Fair play, A-League.
Even when everything is working against it off the field, it can’t help but entertain on it.
Another round, another thrilling set of games, from the outright thriller of Brisbane Roar’s ridiculous come-from-behind win over Melbourne City and Adelaide United’s scintillating performance against Central Coast Mariners through to the tense and tactical affair in Geelong between Western United and the unpredictable Newcastle Jets.
Even the Big Blue and a vastly undermanned Melbourne Victory delivered on drama and storyline where few – myself included – were willing to give Marco Kurz’s Victory a chance.
The Australian’s coverage of the A-League over the weekend came in the form of what many in football would consider a hit-piece, using a record NBL crowd to take aim at the A-League.
It has been nice to see many within the football media space respond strongly to the ridiculous report.
But this is nothing new.
Football rarely gets its dues in mainstream media, and any chance there is to compare the world game in Australia unfavourably to another sport is seldom missed.
As I said last week, who cares?
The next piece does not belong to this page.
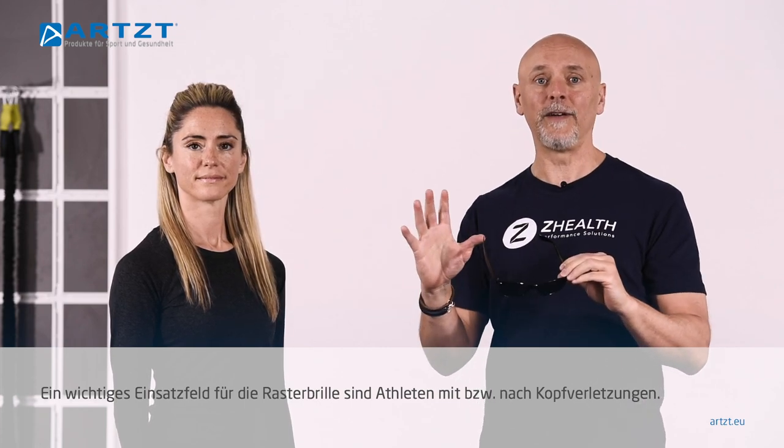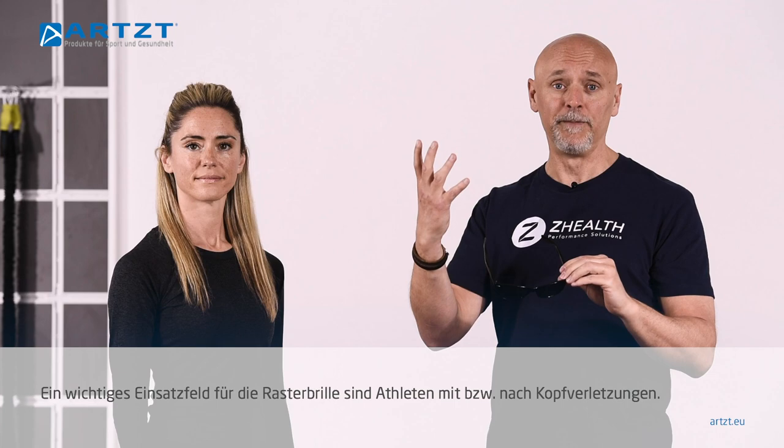More importantly, we also use pinhole glasses with athletes who have had typically some kind of brain injury. If they've had a concussion, very often they are hypersensitive to excess light, and what we find is that there is often a powerful motor response whenever we allow them to see clearly, but with decreased light.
Football needs to stop pandering to each and every whim or the “mainstream” audience and cease living to be in the major media’s good books.
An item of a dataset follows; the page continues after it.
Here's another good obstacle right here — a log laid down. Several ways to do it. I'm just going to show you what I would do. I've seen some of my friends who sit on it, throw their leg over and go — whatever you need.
There have been plenty of seasons where one could have criticised the quality of football on display in the A-League, but this year is not that year. This season’s A-League football has been among the best of the decade.
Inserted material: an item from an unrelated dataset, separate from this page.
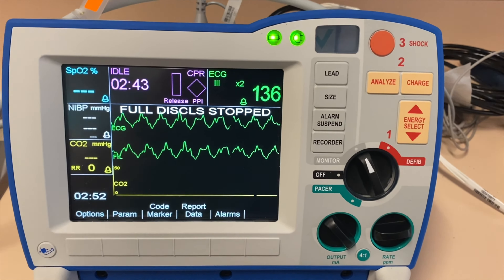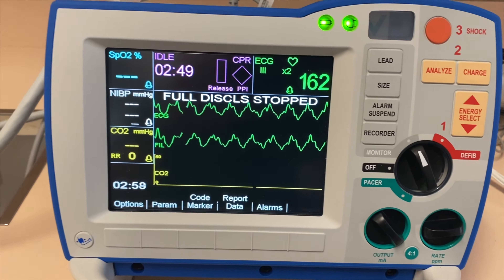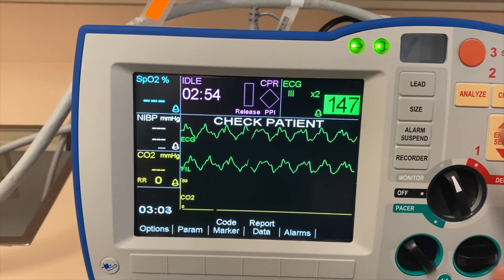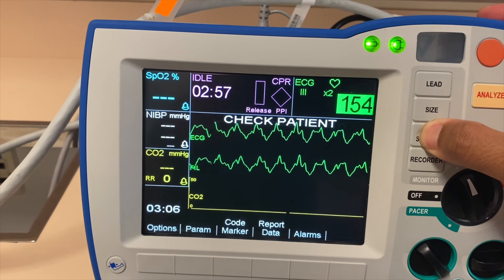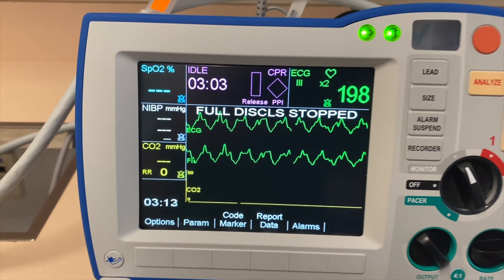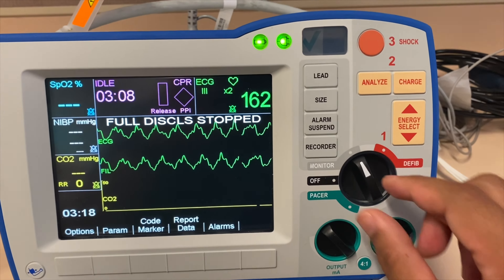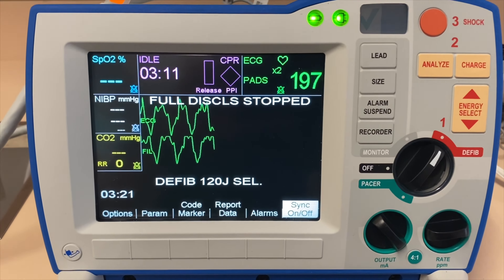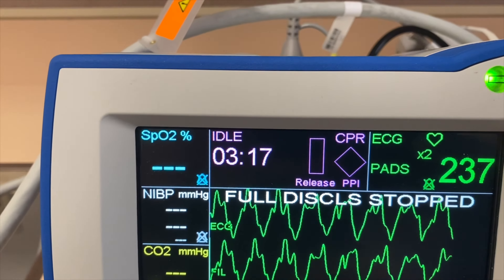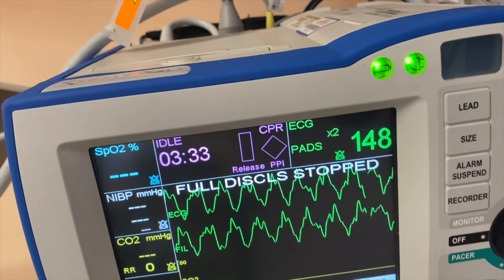Now let's talk about the defibrillation mode. The patient's rhythm is showing V-fib, and you see all the alarms are going off because our alarms are turned on. If I do want to suspend the alarm, I would press and hold until I would see all the X marks in my bells. The treatment for this will be defibrillation. I want to make sure that my knob is turned to defibrillation mode, and you want to make sure that you are doing correct CPR.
I’ve rarely enjoyed the start of a new season as much as I have this one. Good for the NBL if they’re setting records, but I struggle to see the relation with the A-League. In fact the two share a lot in common if anything.
Two professional games played in the summer looking to break through a cricket-dominated time of year.
Two sports with very small facilities footprint of club-owned infrastructure.
Two professional leagues struggling for their fair share of quality media coverage.
Two professional leagues that pale in comparison to the best competitions in the world, no matter how many college kids come to play in the NBL, but nevertheless are producing a good product on the field.
Still, every football fan and his dog is talking about Will Swanston’s article, so mission accomplished for him, I guess.
Other than generating comment, I struggle to understand why the A-League even needed to be mentioned in a news report. But I guess if the A-League is in a “summer shootout” with the NBL, then at least we know which side of the firing line mainstream media is on.
Surprise, it’s not football (again).
So be it.
As long as the A-League can keep producing the on-field quality it has been, then it’s up to the new independent league to leverage the quality on the field and integrate with the rest of the football pyramid to ensure the majority of football fans engage with our professional competition.
Because that is what is going to define the success of football in this country.
When that happens football will go from strength to strength in this country and it’s going to take a lot more than hit pieces to stop it.